On a misty, gray-sky day, the ocean horizon is indistinct, suggesting infinity. Waves break towards shore, wearing down all conventional notions of time. I walked the beach, all too aware that my boot prints would soon wash away. Impermanence. Only the ocean itself remains fixed in place – a vast body of water stretching beyond imagination. And yet it too is constantly moving, constantly changing it’s mood.
The beach is covered with oceanic debris. Long rows of aquatic vegetation mark the tide’s high water line. And mixed into it shells, fragments of shells, the body parts of crabs and lobsters, and countless other organics in various stages of decay. Much like the forest, the shoreline reeks of decay – repulsive to my landlubber nose at first, then oddly sweet and inviting as I recall from whence I came. The ocean is the wellspring of all life on this planet. Nowhere is that more apparent than on the beach when the tide is going out.
Sandpipers and plovers fed along the shoreline. Sand fleas cued them to the most scrumptious morsels. I skirted a tidal pool that seemed like a buffet to some of the shorebirds. A gull carried off something. Just off shore, ducks and eiders dove for breakfast. Much like the forest, the shoreline ecology is all about food.
Funny how my gaze always starts on the horizon and ends up in the sand at my feet. I looked for things of interest among the shoreline deposits without knowing how such things are valued. I found a sand dollar, picked it up, then found another, then another. The currency of the ocean wild. My wife values them, anyhow. So does my granddaughter. I picked up a particularly interesting shell and stuffed it in my pocket. I’m not sure why. What the ocean coughs up is hard to resist.

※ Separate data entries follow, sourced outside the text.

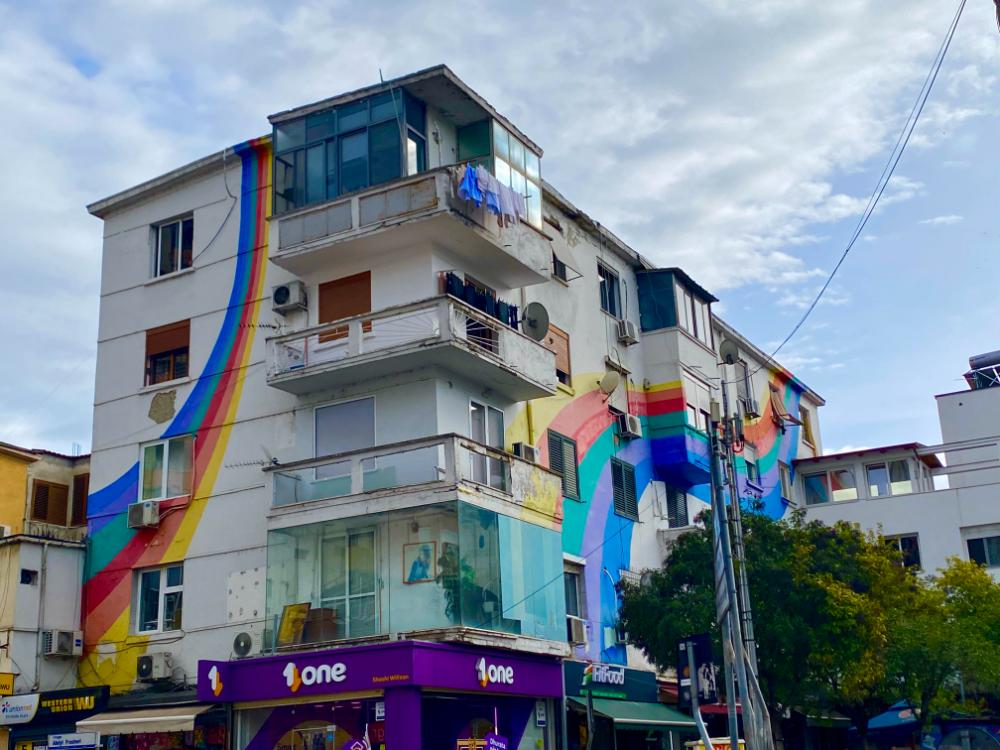 palazzi colorati a tirana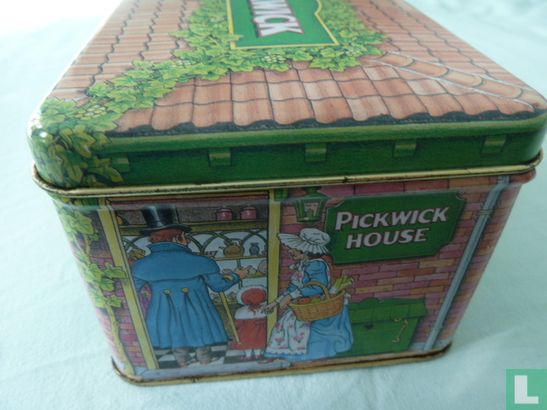 D•E Pickwick House - Image 3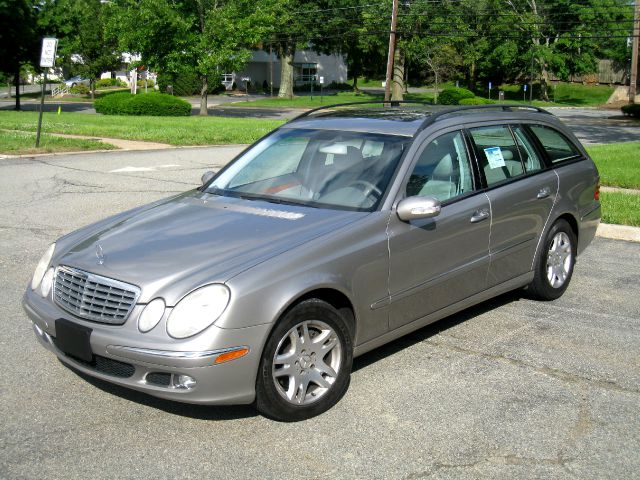 Mercedes-Benz E-Class 2005 photo 13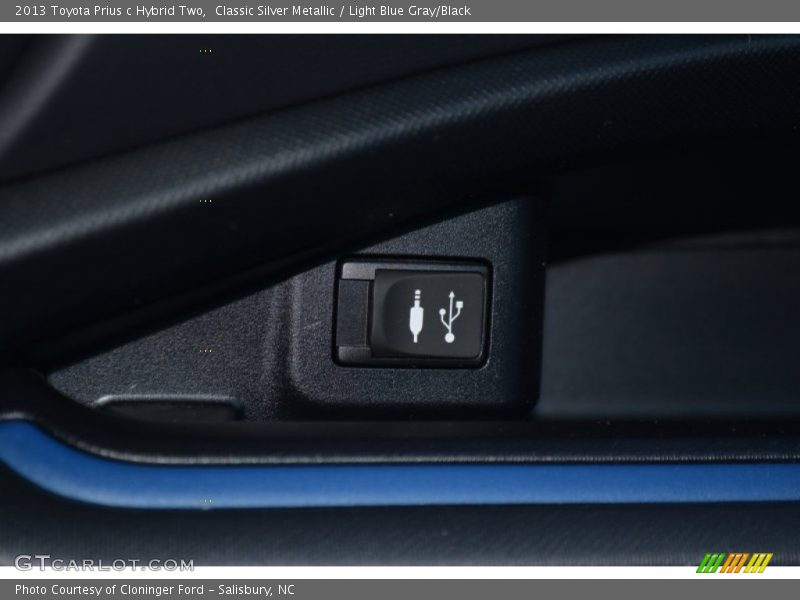 Classic Silver Metallic / Light Blue Gray/Black 2013 Toyota Prius c Hybrid Two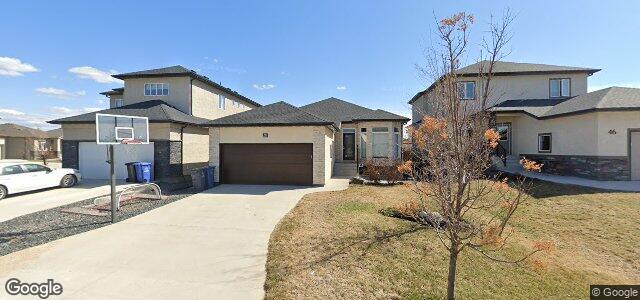 Larawan ng 50 Ralston Crescent sa Winnipeg, Manitoba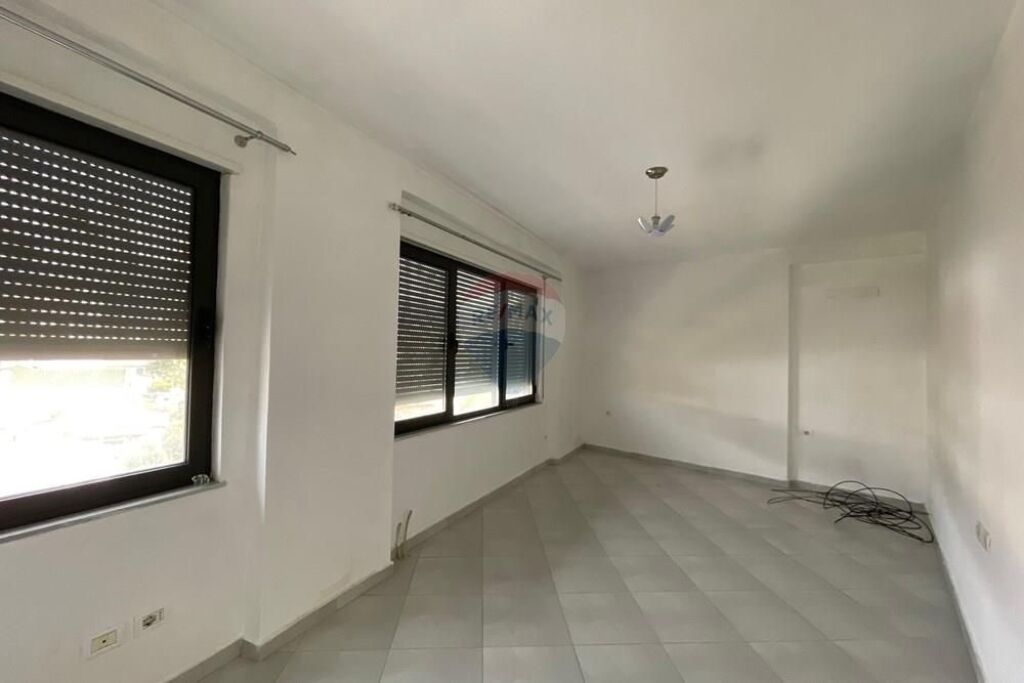 Apartment 2+1+2 for sale on Elbasani Street
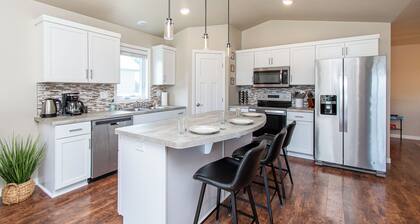 3BR I Kings x 3, 5 min to FargoDome, Pack n play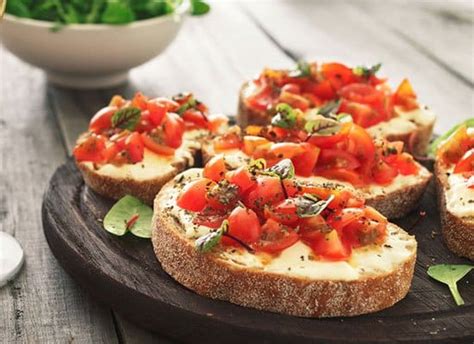 Tomaten Crostini Mit Knoblauchcreme K Stlich Italienisch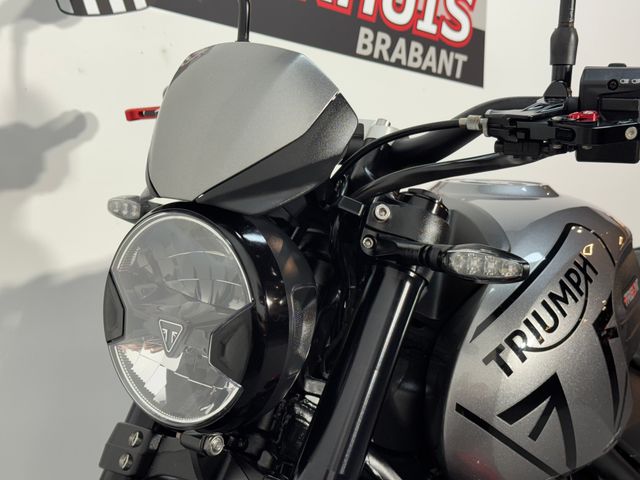 triumph - trident-660
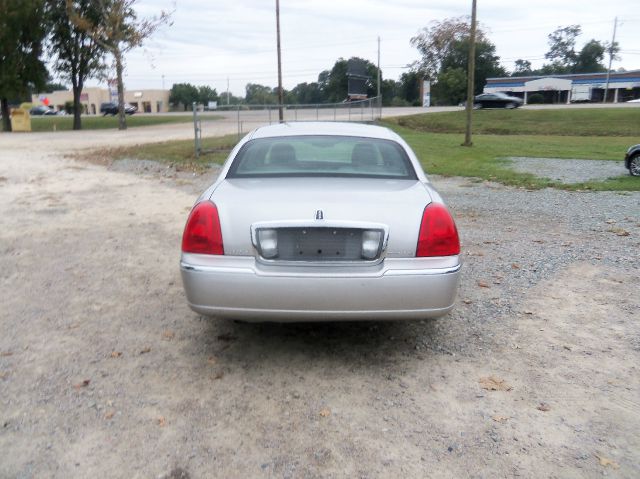 2003 Lincoln Town Car DOWN 4.9 WAC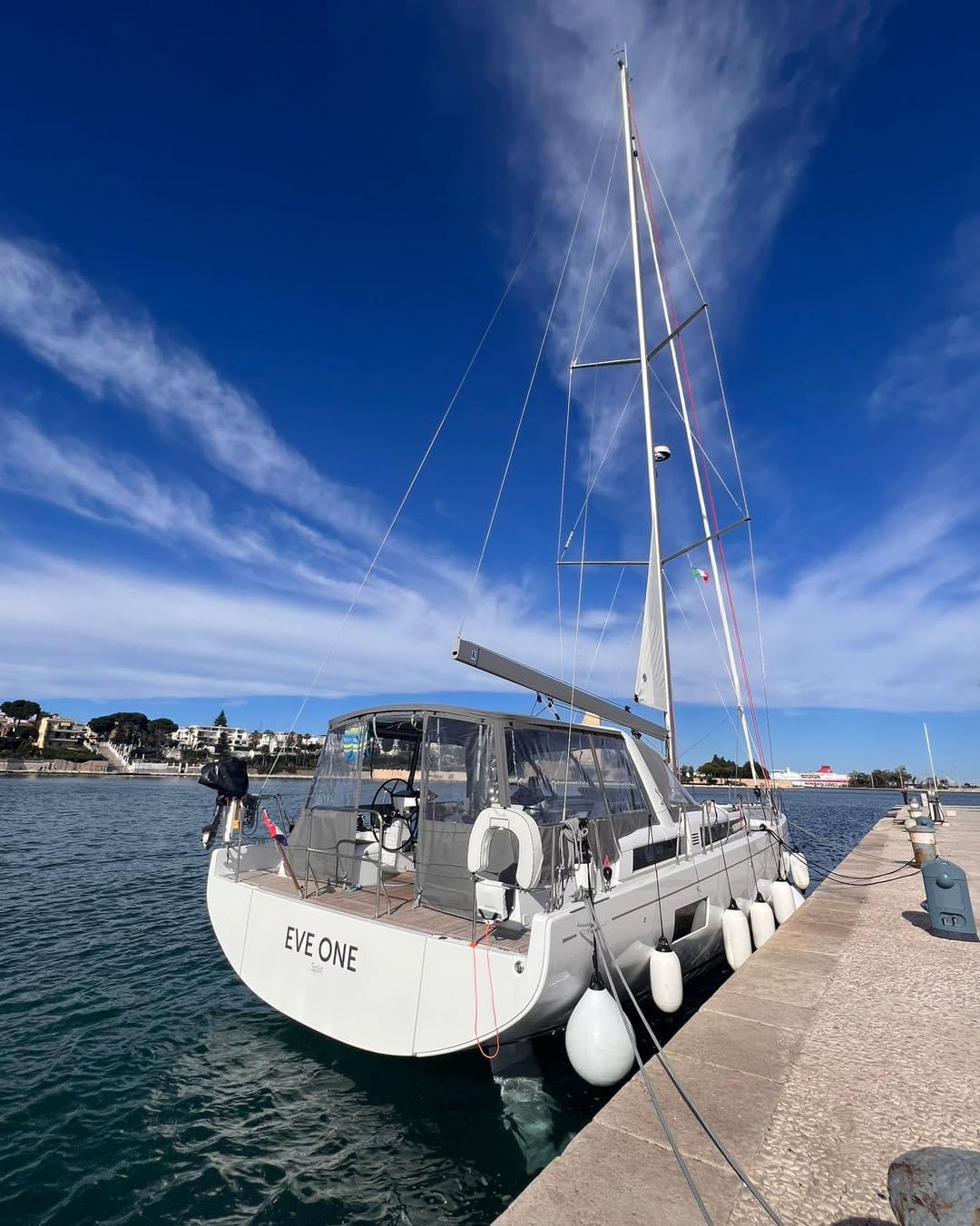 Oceanis 54 - 3 + 1 cab. — photo 15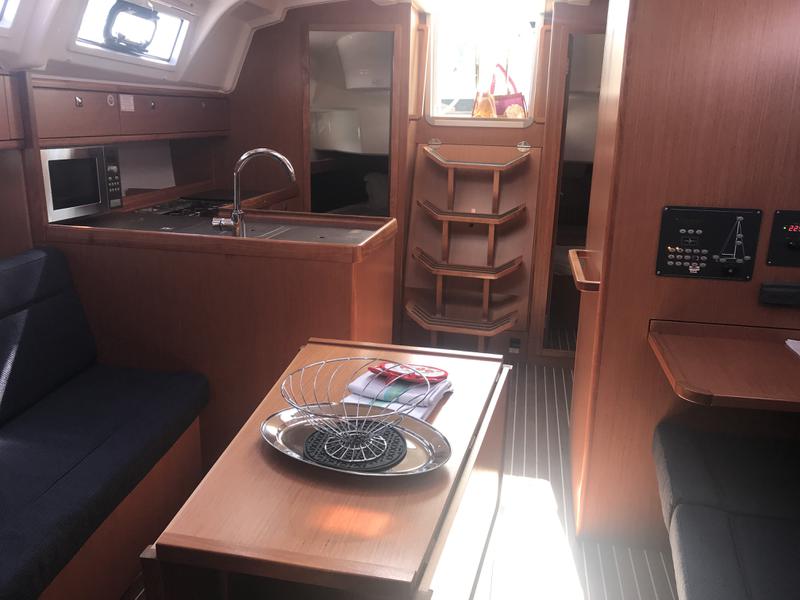 Book yachts online - sailboat - Sun Odyssey 49i - Eudora (GND) - rent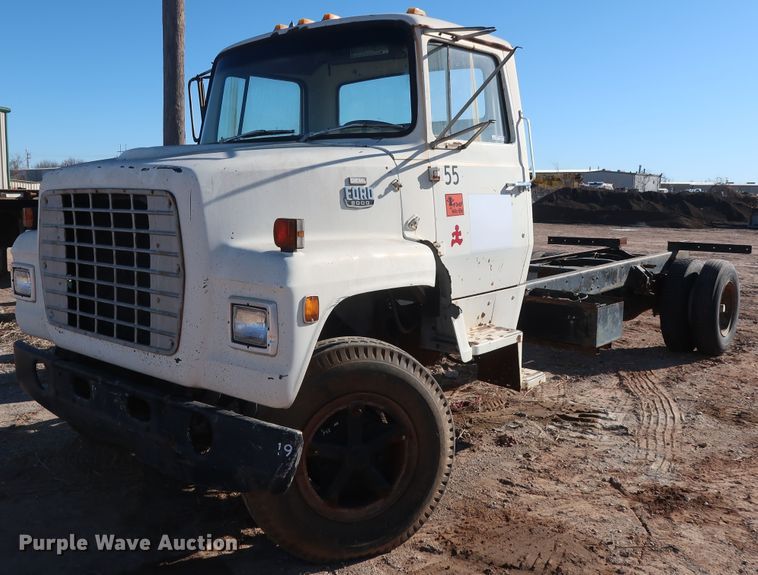 image for item GD9915 1983 Ford 8000 truck cab and chassis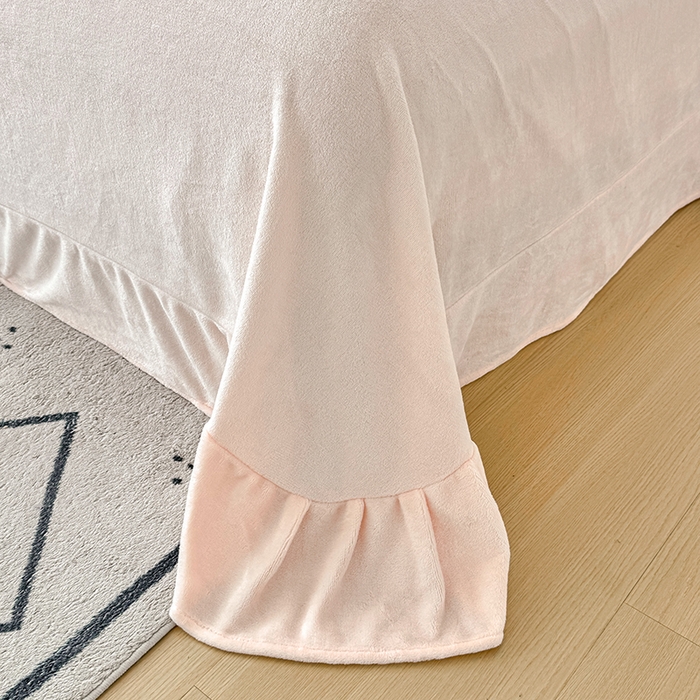 91家纺网 家纺一手货源 找家纺 锦格家纺 2025新款A类雕花牛奶绒花边四件套 米雅玉粉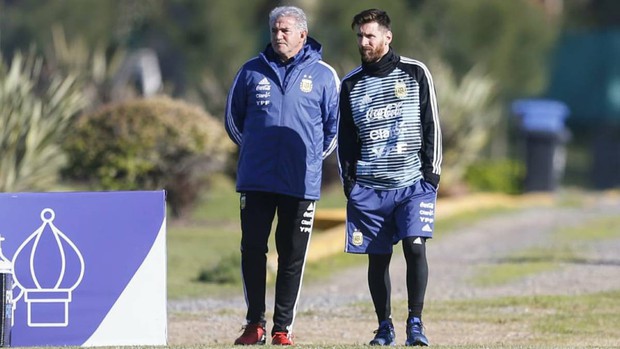 Messi và cầu thủ Argentina nổi loạn, đòi đuổi HLV Sampaoli ngay trên đất Nga - Ảnh 2.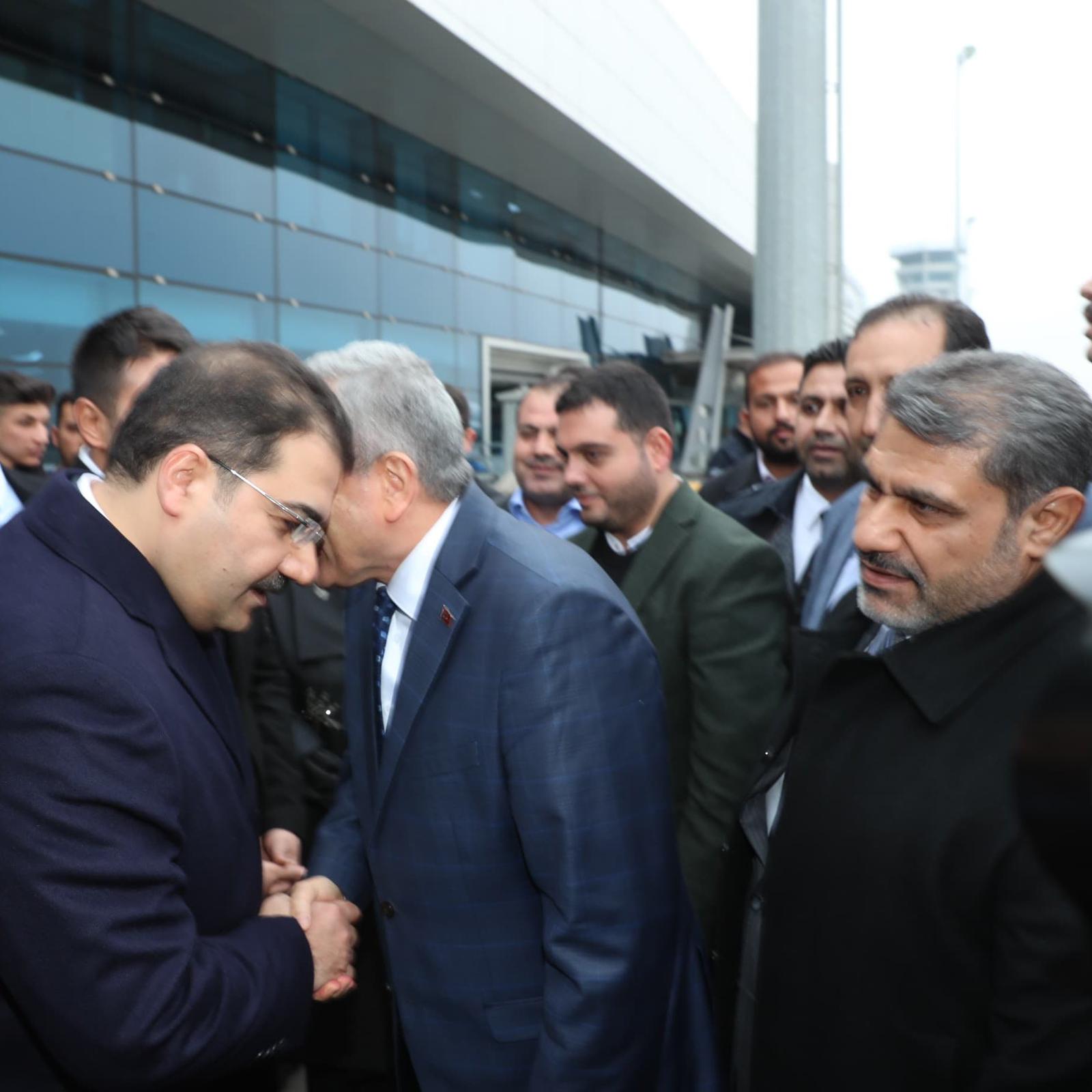 Günün karesini Canpolat ile Beyazgül verdi: Sarılarak poz verdiler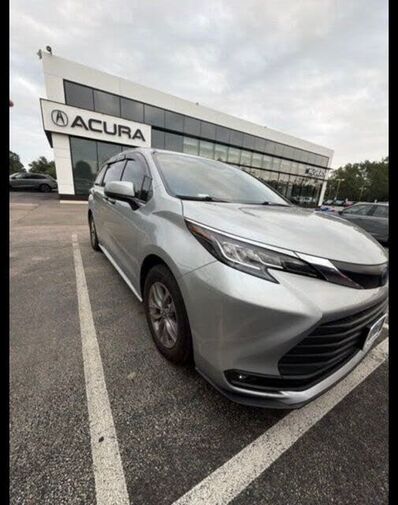 2022 TOYOTA Sienna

The waves continued breaking in my head as I hiked back towards the cottage, away from shore. Even now, days later, I can still hear it. In my mind’s eye, I can still see the foamy edge of the sea washing over the sand, leaving fresh deposits there. Nature’s watery hand is never still. What am I to make of this? Perhaps it’s best if I make nothing of it at all. Tabula rasa. Each new wave wipes the slate clean.